I am an artist. I mean: making art is my job. "My job is good and easy," I tell myself on the difficult days. I say it's good and easy because sometimes that's easier than arguing the reverse. But on the days when I show up early, work hard, fight through the pains (physical, mental, emotional) and get paid very little, it's anything but easy. But on days like this, when I take my camera & a friend for a walk, I almost giggle with excitement, "my job is good and easy." Today my job is to photograph a body in a landscape.
My friend Sarah and I agree to do a late fall photoshoot for my photo series Skin.Rock.Bone. It's the first week of November in Minnesota, so we are cautiously optimistic about the bare "skin" part of this adventure. The day starts out gray and slightly rainy, but we agree to forge on nonetheless. I am just coming from teaching two morning dance classes (one to first graders and one for people of mixed age & ability). I am ready to get outside and play!

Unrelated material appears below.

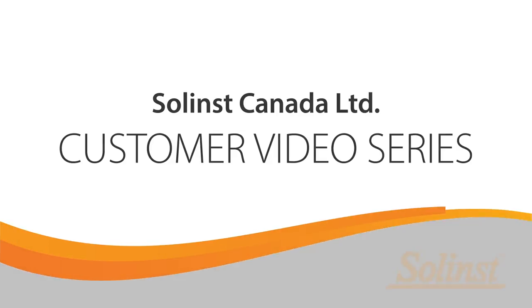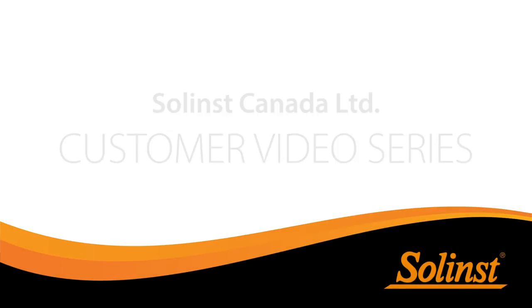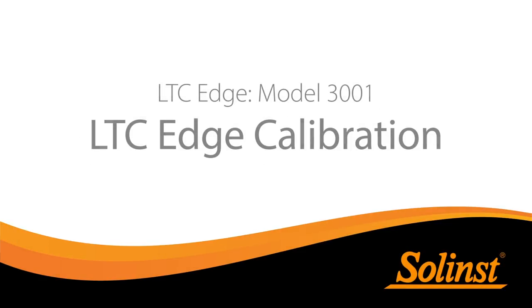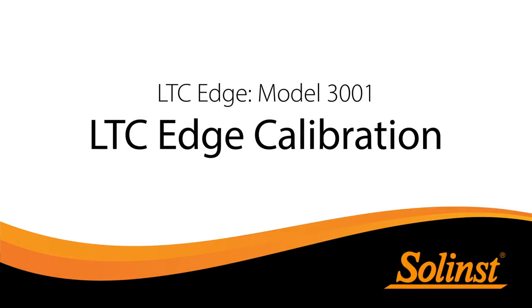Welcome to the Solent's customer video series. In this video, we will conduct a two-point conductivity calibration for the LTC Levellogger Edge.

I know from talking to Sarah about the Skin.Rock.Bone shoot that she is a bit nervous. She's not alone. Almost everyone I shoot feels some sort of nerves or jitters. But here's the thing: our bodies are beautiful! And inevitably when I spend a little time with someone, photographing or otherwise, I see that person's positive qualities and reflect them back to him/her/they. When it comes to photography, the issue is complicated by our previous experience with body image, media fantasy, sexual objectification, the selfie obsession, gender expectations, culture, and the list goes on. To feel good about one's body is a difficult and complex endeavor.
We must try anyway.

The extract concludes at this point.